▸ Exercise
Print the listing below only from the line that has "Frigidaire Top Freezer" through the line that has "KM Maluku Prima", exactly, and drop any picture.

▸ Raw data

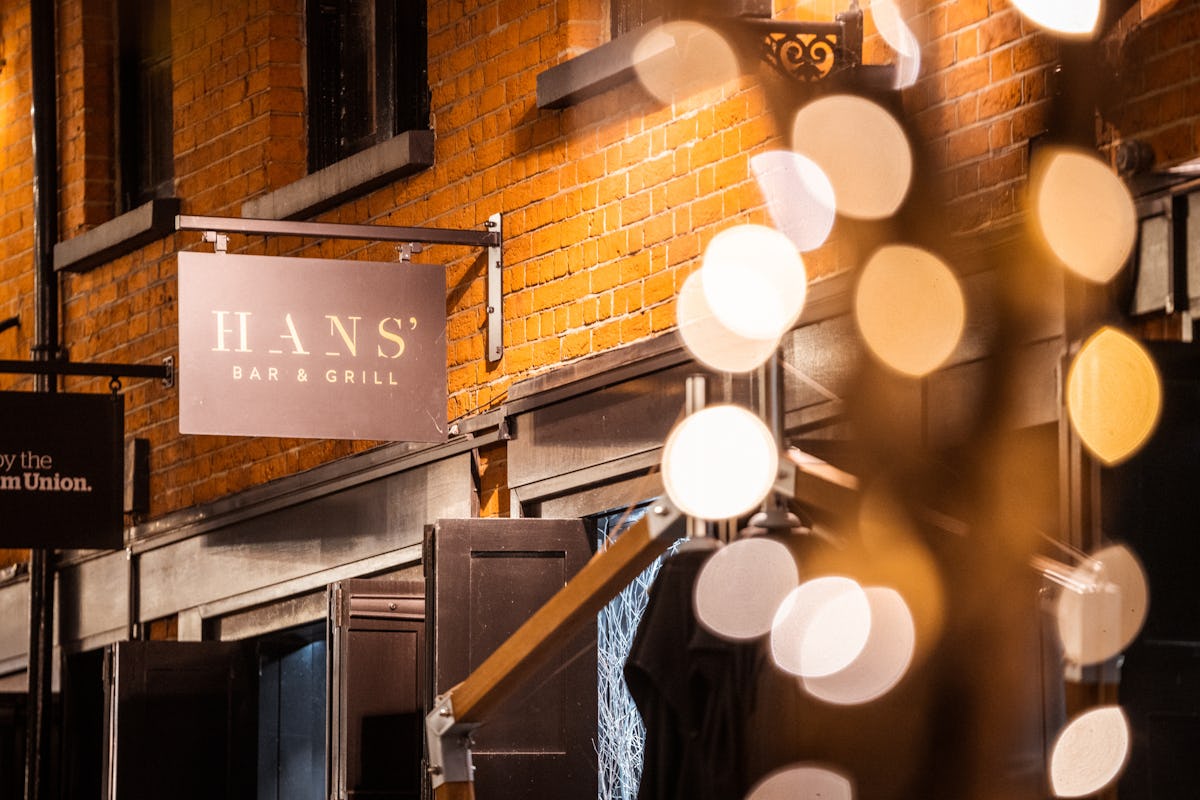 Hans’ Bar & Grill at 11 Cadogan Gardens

==

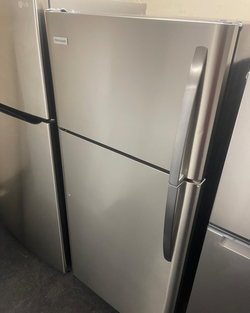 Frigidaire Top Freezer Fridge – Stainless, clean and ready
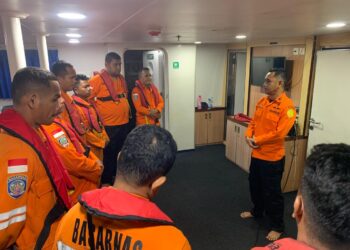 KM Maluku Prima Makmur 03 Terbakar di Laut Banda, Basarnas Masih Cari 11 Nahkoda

* * *

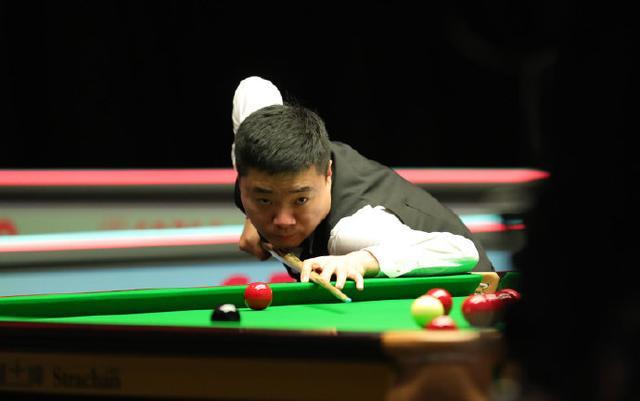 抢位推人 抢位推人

▸ Answer space
 Frigidaire Top Freezer Fridge – Stainless, clean and ready
 KM Maluku Prima Makmur 03 Terbakar di Laut Banda, Basarnas Masih Cari 11 Nahkoda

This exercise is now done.